In 1993, he enrolled in Hopkins' MLA program, and since then, he says, he's never been happier in a classroom, where he devours courses in philosophy, literature, history and the biblical canon.
"My children thought I was a little nutty to start something like this at my age. My grandchildren, though, were delighted for me," he says. "Of course, I was usually twice as old as the other students, but it didn't matter. It was a wonderful group of people. I became good friends with many of them.
"The work is challenging; it is not a breeze, by any means. But every day after work, I found I couldn't wait to get home and get to my course work, or go to the Eisenhower Library and spend a few hours there. It's been a marvelous learning experience. I think the professors that teach in the program are some of the best in the entire university. They've inspired me--there's a palpable difference in the way I prepare a lecture."

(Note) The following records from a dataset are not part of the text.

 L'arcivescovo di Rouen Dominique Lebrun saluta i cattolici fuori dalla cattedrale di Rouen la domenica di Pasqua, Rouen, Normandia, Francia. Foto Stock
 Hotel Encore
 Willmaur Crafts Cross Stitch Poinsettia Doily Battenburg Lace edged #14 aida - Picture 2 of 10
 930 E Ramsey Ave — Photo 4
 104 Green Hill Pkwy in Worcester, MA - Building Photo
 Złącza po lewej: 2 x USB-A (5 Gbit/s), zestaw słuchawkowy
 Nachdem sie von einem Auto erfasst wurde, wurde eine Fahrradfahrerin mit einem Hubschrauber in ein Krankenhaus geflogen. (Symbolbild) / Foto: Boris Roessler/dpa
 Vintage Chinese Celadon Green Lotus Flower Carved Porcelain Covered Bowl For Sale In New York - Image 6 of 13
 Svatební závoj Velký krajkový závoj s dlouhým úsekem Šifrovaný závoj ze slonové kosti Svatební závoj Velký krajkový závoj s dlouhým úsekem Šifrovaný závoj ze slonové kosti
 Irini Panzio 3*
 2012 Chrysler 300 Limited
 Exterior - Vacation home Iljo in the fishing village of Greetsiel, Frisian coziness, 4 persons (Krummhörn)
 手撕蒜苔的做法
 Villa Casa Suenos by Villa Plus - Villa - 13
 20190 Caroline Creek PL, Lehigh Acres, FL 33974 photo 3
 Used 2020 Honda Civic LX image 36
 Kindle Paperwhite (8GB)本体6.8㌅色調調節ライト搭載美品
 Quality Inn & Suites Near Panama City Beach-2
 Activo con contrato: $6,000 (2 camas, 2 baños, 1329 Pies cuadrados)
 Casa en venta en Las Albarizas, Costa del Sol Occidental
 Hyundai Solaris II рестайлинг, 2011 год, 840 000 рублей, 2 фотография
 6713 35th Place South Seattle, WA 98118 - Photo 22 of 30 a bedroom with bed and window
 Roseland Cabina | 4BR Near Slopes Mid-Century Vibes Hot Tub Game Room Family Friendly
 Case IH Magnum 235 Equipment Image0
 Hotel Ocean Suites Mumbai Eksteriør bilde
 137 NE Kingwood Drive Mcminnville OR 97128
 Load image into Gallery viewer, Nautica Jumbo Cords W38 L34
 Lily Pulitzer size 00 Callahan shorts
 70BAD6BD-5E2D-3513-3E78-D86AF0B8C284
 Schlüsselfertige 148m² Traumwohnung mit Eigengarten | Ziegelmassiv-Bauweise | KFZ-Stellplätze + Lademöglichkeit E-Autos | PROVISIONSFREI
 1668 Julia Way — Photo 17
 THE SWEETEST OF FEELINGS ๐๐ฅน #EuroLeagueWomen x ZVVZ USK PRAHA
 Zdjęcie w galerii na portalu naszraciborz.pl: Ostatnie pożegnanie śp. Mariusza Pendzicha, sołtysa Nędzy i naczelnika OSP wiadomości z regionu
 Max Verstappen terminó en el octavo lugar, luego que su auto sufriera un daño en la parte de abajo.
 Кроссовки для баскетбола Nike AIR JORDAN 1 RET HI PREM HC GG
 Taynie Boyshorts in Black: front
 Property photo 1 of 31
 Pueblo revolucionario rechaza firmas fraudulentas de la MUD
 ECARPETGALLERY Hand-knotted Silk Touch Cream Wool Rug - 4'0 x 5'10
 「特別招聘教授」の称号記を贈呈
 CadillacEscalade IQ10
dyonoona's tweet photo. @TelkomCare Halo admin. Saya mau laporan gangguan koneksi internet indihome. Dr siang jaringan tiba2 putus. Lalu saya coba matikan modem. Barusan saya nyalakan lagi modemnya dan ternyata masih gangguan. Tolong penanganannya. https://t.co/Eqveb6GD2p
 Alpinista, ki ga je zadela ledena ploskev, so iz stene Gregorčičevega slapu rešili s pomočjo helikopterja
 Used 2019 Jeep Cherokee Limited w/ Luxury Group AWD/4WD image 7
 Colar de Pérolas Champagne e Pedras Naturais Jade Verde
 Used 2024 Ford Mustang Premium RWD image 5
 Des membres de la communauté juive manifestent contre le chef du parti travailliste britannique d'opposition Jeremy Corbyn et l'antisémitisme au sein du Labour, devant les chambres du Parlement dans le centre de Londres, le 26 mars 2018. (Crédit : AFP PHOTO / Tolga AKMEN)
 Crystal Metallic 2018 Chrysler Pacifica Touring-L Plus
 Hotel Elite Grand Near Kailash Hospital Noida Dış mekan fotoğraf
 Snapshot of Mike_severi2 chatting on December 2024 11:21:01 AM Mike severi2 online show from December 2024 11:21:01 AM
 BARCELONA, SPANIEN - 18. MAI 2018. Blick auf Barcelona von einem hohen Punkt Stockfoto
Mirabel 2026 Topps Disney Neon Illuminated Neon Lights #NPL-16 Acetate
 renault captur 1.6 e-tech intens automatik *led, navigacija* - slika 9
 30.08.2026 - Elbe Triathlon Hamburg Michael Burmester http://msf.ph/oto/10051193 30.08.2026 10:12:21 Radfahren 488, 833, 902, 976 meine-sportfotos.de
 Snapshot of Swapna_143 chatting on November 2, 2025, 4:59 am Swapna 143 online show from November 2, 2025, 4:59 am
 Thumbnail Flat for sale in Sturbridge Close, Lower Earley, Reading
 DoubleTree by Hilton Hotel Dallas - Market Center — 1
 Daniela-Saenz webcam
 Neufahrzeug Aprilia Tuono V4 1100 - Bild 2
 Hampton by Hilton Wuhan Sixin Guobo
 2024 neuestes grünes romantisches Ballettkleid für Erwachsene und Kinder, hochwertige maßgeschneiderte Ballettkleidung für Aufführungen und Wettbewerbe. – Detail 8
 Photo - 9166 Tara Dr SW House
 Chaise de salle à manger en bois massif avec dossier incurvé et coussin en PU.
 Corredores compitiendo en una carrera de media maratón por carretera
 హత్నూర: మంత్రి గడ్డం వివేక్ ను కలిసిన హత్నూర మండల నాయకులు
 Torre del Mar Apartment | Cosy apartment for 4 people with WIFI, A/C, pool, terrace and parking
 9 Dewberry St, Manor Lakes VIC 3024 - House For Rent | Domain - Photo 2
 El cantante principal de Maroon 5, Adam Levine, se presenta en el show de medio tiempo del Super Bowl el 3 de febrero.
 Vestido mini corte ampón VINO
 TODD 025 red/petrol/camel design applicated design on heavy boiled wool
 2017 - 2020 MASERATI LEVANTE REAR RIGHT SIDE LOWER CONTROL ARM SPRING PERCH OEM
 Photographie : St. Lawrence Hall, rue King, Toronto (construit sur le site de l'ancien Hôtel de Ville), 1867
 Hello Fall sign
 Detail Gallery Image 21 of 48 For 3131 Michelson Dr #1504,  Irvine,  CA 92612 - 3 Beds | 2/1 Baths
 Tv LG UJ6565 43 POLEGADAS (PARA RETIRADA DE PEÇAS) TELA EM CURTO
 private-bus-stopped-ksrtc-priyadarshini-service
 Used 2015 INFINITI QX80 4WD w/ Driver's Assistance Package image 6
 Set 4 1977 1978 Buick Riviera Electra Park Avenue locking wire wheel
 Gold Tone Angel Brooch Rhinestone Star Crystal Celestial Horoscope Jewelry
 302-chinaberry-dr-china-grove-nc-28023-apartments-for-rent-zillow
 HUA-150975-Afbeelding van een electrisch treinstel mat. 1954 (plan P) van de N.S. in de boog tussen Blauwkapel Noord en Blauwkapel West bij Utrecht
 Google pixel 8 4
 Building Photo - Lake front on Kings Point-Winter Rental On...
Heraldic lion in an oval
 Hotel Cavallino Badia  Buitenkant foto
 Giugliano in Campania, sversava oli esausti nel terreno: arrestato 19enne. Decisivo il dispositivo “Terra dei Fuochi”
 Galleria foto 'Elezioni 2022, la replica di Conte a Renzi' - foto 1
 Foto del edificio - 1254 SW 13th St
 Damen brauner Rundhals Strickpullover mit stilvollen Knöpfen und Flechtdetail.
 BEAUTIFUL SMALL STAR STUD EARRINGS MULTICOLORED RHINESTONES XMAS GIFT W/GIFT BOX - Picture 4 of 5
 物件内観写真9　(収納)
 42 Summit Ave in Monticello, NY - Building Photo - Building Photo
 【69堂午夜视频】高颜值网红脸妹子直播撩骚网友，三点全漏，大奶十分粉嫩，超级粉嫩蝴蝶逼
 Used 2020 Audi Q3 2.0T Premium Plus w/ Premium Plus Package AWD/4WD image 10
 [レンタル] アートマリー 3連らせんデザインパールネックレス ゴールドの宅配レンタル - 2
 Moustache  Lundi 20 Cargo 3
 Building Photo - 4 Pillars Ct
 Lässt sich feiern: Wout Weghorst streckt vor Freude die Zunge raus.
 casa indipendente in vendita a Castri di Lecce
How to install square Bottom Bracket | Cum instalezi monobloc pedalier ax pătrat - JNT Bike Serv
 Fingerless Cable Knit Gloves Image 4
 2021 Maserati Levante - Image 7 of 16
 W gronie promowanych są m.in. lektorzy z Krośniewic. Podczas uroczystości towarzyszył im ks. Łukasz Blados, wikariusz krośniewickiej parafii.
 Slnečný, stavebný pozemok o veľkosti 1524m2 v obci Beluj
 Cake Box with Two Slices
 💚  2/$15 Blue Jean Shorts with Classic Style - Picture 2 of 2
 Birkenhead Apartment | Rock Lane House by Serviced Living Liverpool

Like most of its students, Patz focused his studies in the core of the MLA program, its History of Ideas seminars. Covering a range of subjects in the liberal arts, the seminars examine the impact of historical periods, movements, ideas and individuals. From there, students can specialize if they choose in one of four areas: Beliefs and Civilizations; Literature and the Arts; Contemporary Social and Political Issues; and Science, Technology and Ethics.
Now that he's completing his course work, Patz is busy planning a thesis that looks at ethical issues of clinical trials in medicine. In it, he recalls his own experiences in the early 1950s, when his proposal to study the effects of oxygen on premature infants' eyesight was met with criticism and considered by some to be unethical. Later, he would win worldwide recognition for his findings, as well as the Albert Lasker Award, often called the American Nobel.
"But I've never forgotten the initial criticism I received for the proposal and the feeling of having others label it 'unethical,'" he says. "Ever since then, I've always had a keen sensitivity to ethics. It will be wonderful to dig into that topic in the MLA program.
"Now my only regret is that I didn't start taking these courses when the program first started 35 years ago."